The result should be an exact copy of every record, with no pictures kept.

[Records provided — start]

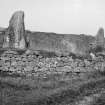 View of recumbent stone and flankers, from the south west.
Original glass negative captioned 'Auchquhorthies Stone Circle near Inverurie Rec. Stone from S.W. Nov. 1908'.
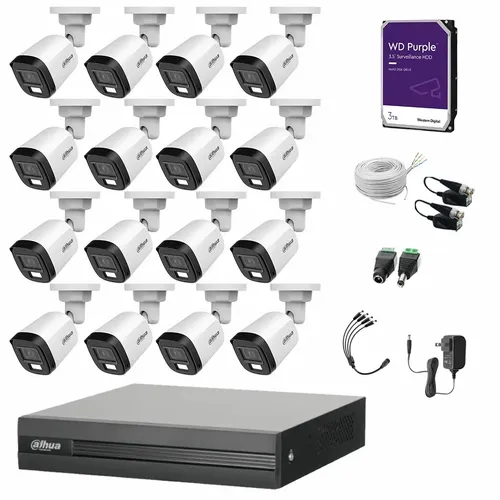 DAHUA DHT0250011 Kit de Videovigilancia Cronos 16 Cámaras Dahua Bala HFW1200CM 2MP Metálica con Micrófono Integrado + HDD WD Purple 3TB + Bobina Cable UTP + Accesorios - Kit CCTV HFW1200CM-LOW-CC (DVR XVR1B16-I Circuito Cerrado)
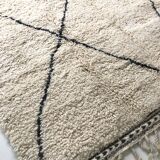 Moroccan Berber carpet Beni Ouarain with dark grey diamonds 2.6x1.53m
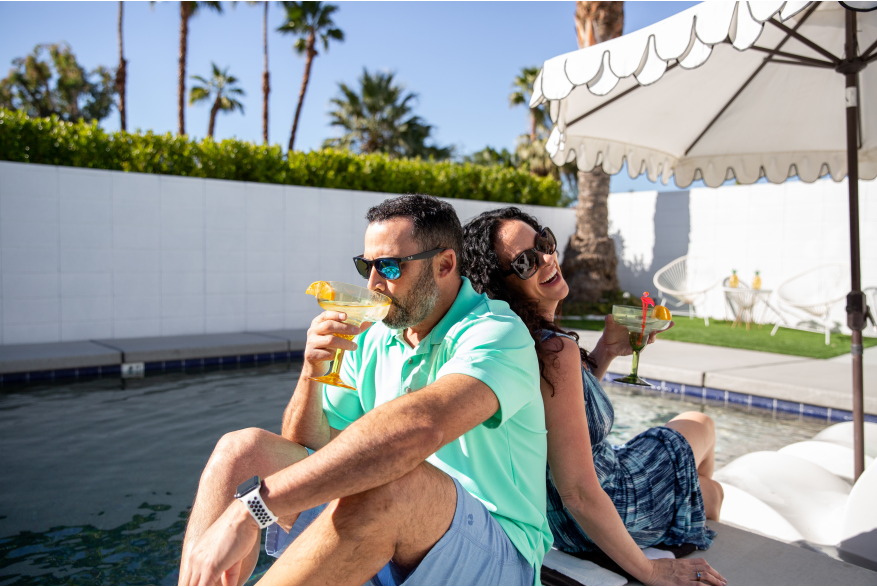 Couple poolside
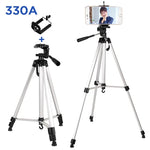 Tripé para Transmissão em Direto com Pernas Dobráveis de 3 Secções, Tripé de Liga de Alumínio com Cabeça Tripé Tridimensional em Forma de U e Suporte para Telemóvel para DSLR e Câmara Digital, Altura Ajustável: 47.5-133cm, 330A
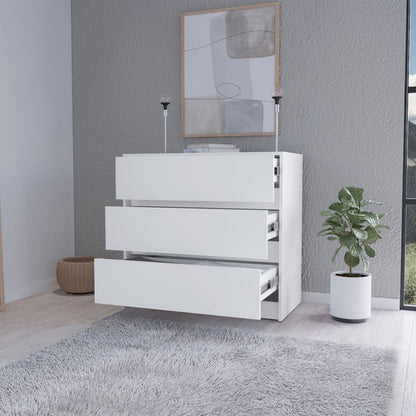 33" White Wood Three Drawer Dresser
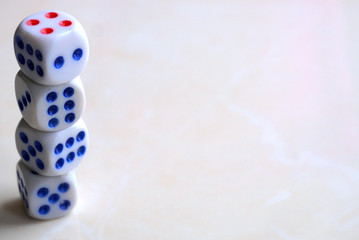 plastic dices close up
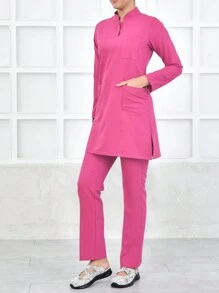 Stand Collar Zipper Hidden Uniform Scrub Set - Pink - View 5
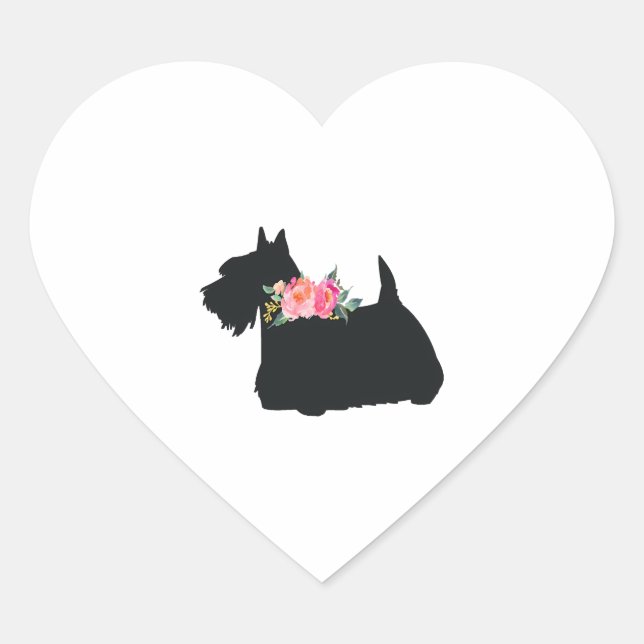 Pegatina En Forma De Corazón Perro escocés de Terrier (Anverso)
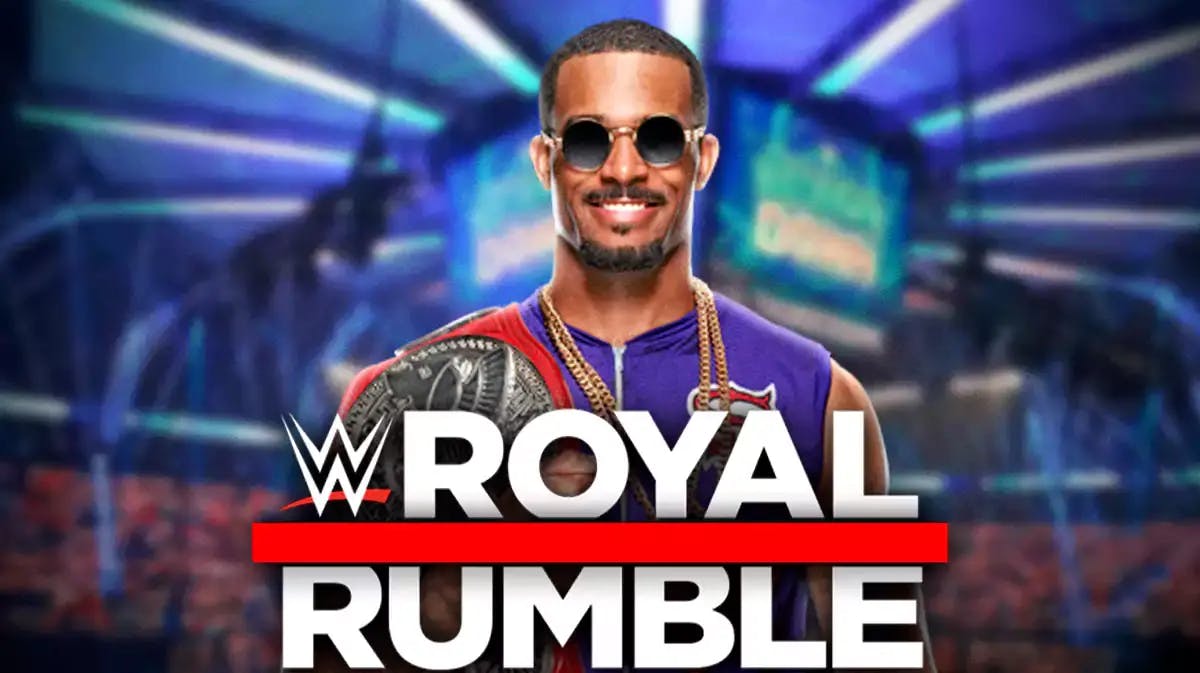 Montez Ford with WWE background and Royal Rumble logo.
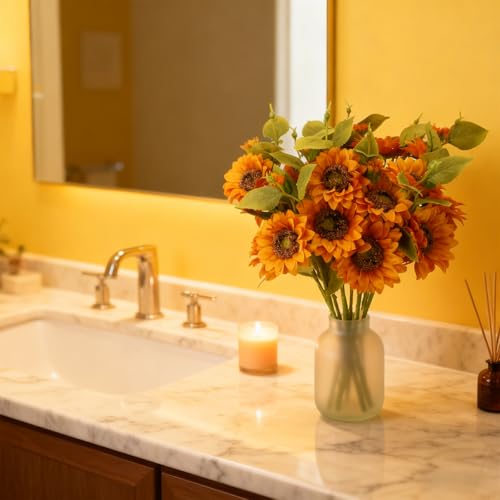 Orange Autumn Faux Sunflowers Bouquet - 25.6 Inch, 6 Pack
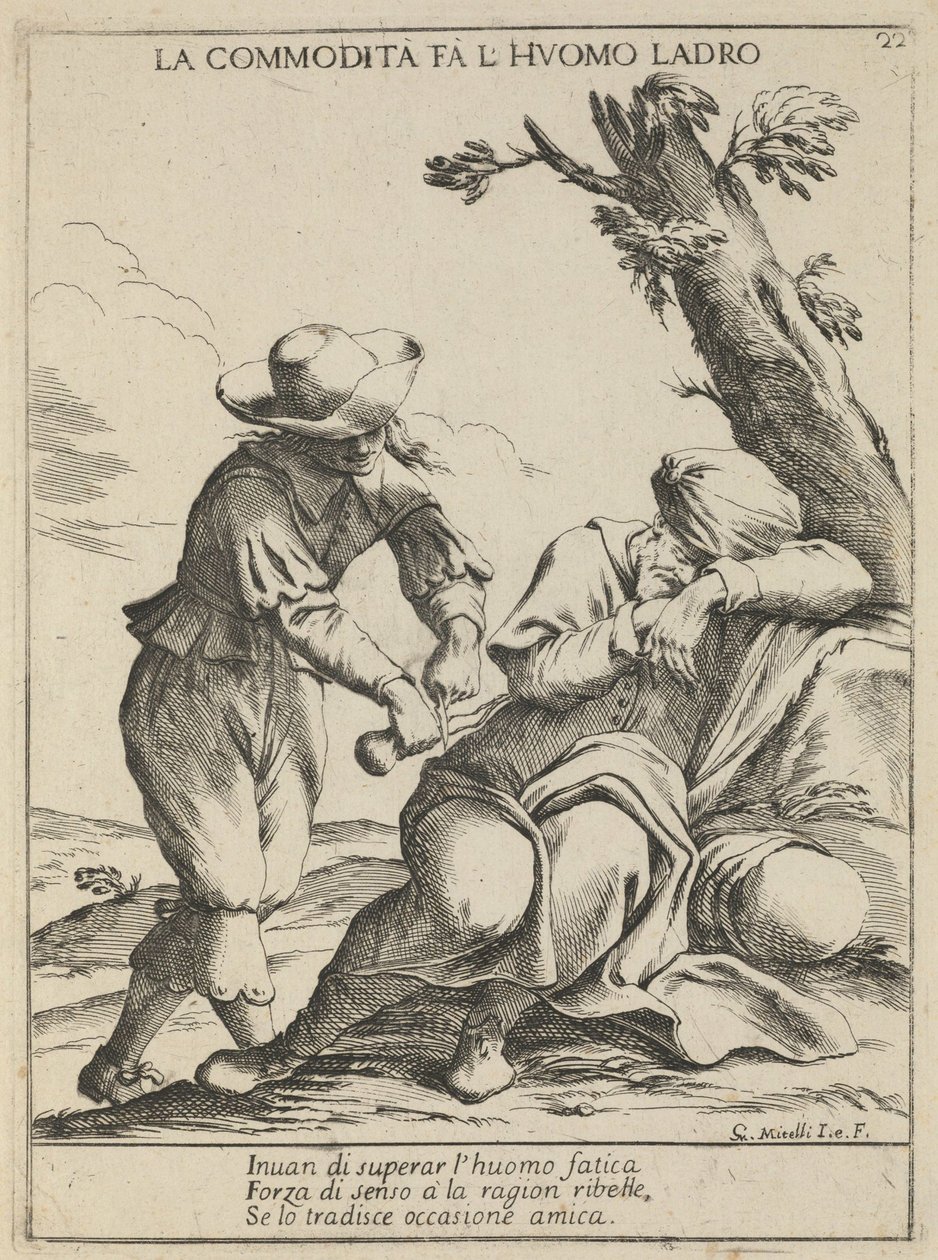 Mulighed gør en tyv. Komfort gør en tyv, 1678 af Giuseppe Maria Mitelli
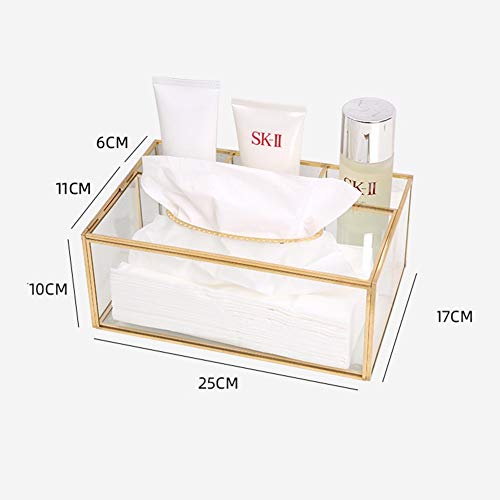 Yiyu Maquillaje Organizador de Belleza Organizador Bandeja de Oro portaescobillas joyería, cosmética Vidrio, Bandeja Decorativa Clara x (Color : Gold)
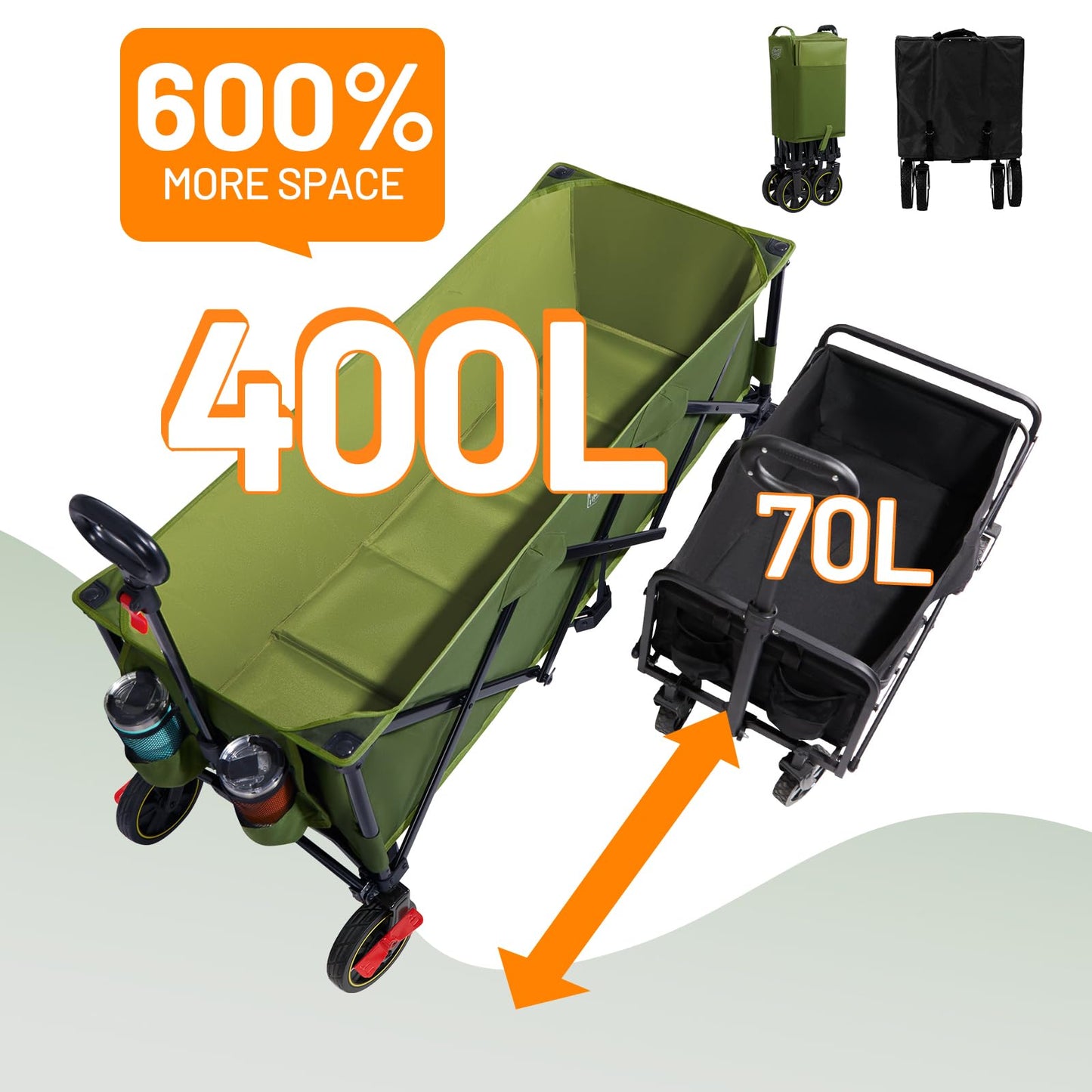 Timber Ridge 51.2'' Extended Collapsible Wagon Cart with Brakes and Cargo Net, Heavy Duty Foldable Utility Wagon with Adjustable Handle, 400L Capacity Portable Cart for Camping Sports Shopping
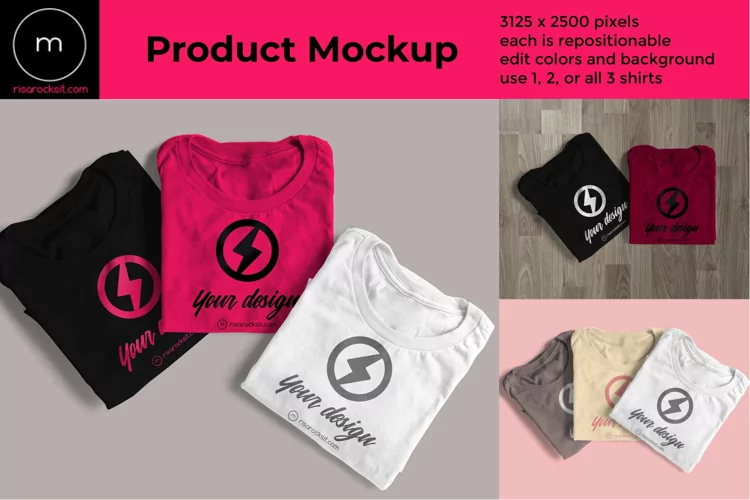 Three Tees Photoshop Mockup
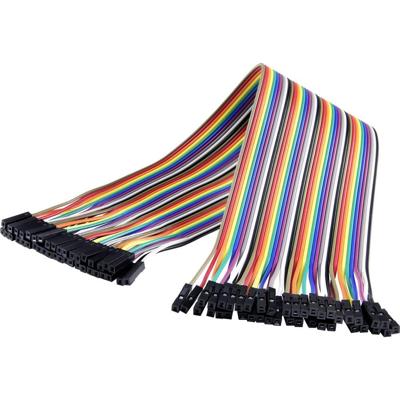Renkforce JKFF403 Jumperkabel Arduino, Banana Pi, Raspberry Pi® [40x Draadbrug-bus - 40x Draadbrug-bus] 30.00 cm Bont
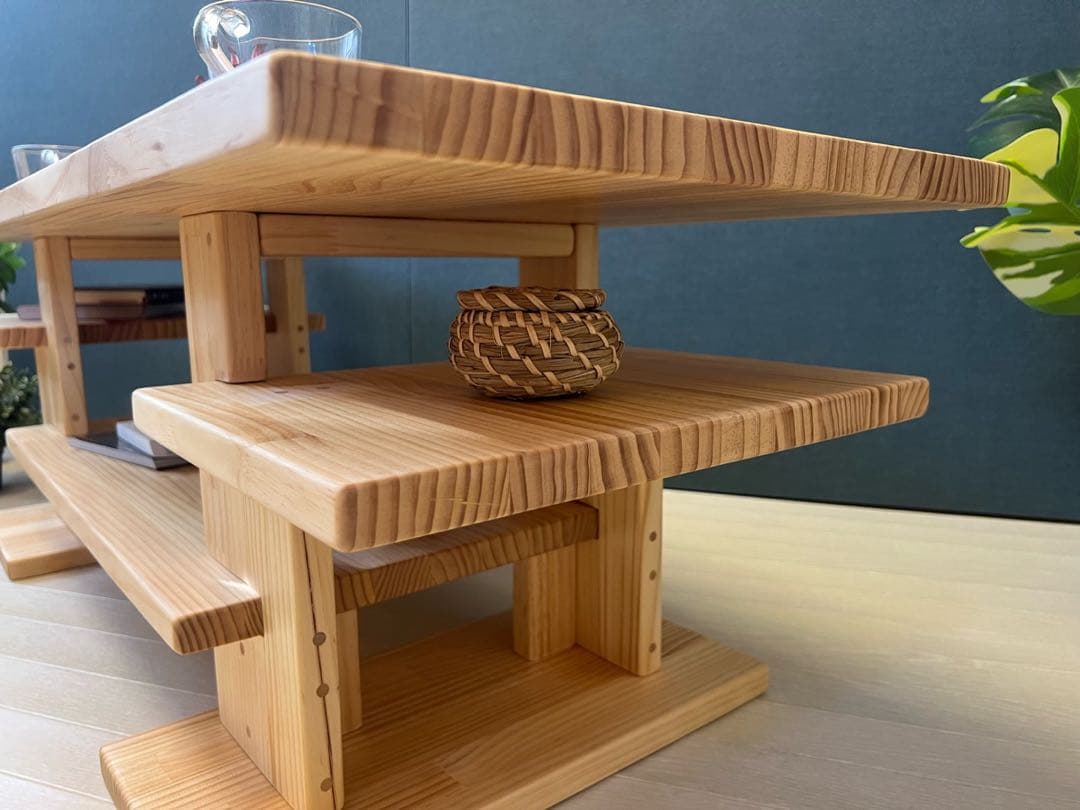 【在庫整理】 ローテーブル 木組みたっぷり収納 120cm 45cm パイン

[Records provided — finish]

**Task solution:**
 View of recumbent stone and flankers, from the south west.
Original glass negative captioned 'Auchquhorthies Stone Circle near Inverurie Rec. Stone from S.W. Nov. 1908'.
 DAHUA DHT0250011 Kit de Videovigilancia Cronos 16 Cámaras Dahua Bala HFW1200CM 2MP Metálica con Micrófono Integrado + HDD WD Purple 3TB + Bobina Cable UTP + Accesorios - Kit CCTV HFW1200CM-LOW-CC (DVR XVR1B16-I Circuito Cerrado)
 Moroccan Berber carpet Beni Ouarain with dark grey diamonds 2.6x1.53m
 Couple poolside
 Tripé para Transmissão em Direto com Pernas Dobráveis de 3 Secções, Tripé de Liga de Alumínio com Cabeça Tripé Tridimensional em Forma de U e Suporte para Telemóvel para DSLR e Câmara Digital, Altura Ajustável: 47.5-133cm, 330A
 33" White Wood Three Drawer Dresser
 plastic dices close up
 Stand Collar Zipper Hidden Uniform Scrub Set - Pink - View 5
 Pegatina En Forma De Corazón Perro escocés de Terrier (Anverso)
 Montez Ford with WWE background and Royal Rumble logo.
 Orange Autumn Faux Sunflowers Bouquet - 25.6 Inch, 6 Pack
 Mulighed gør en tyv. Komfort gør en tyv, 1678 af Giuseppe Maria Mitelli
 Yiyu Maquillaje Organizador de Belleza Organizador Bandeja de Oro portaescobillas joyería, cosmética Vidrio, Bandeja Decorativa Clara x (Color : Gold)
 Timber Ridge 51.2'' Extended Collapsible Wagon Cart with Brakes and Cargo Net, Heavy Duty Foldable Utility Wagon with Adjustable Handle, 400L Capacity Portable Cart for Camping Sports Shopping
 Three Tees Photoshop Mockup
Renkforce JKFF403 Jumperkabel Arduino, Banana Pi, Raspberry Pi® [40x Draadbrug-bus - 40x Draadbrug-bus] 30.00 cm Bont
 【在庫整理】 ローテーブル 木組みたっぷり収納 120cm 45cm パイン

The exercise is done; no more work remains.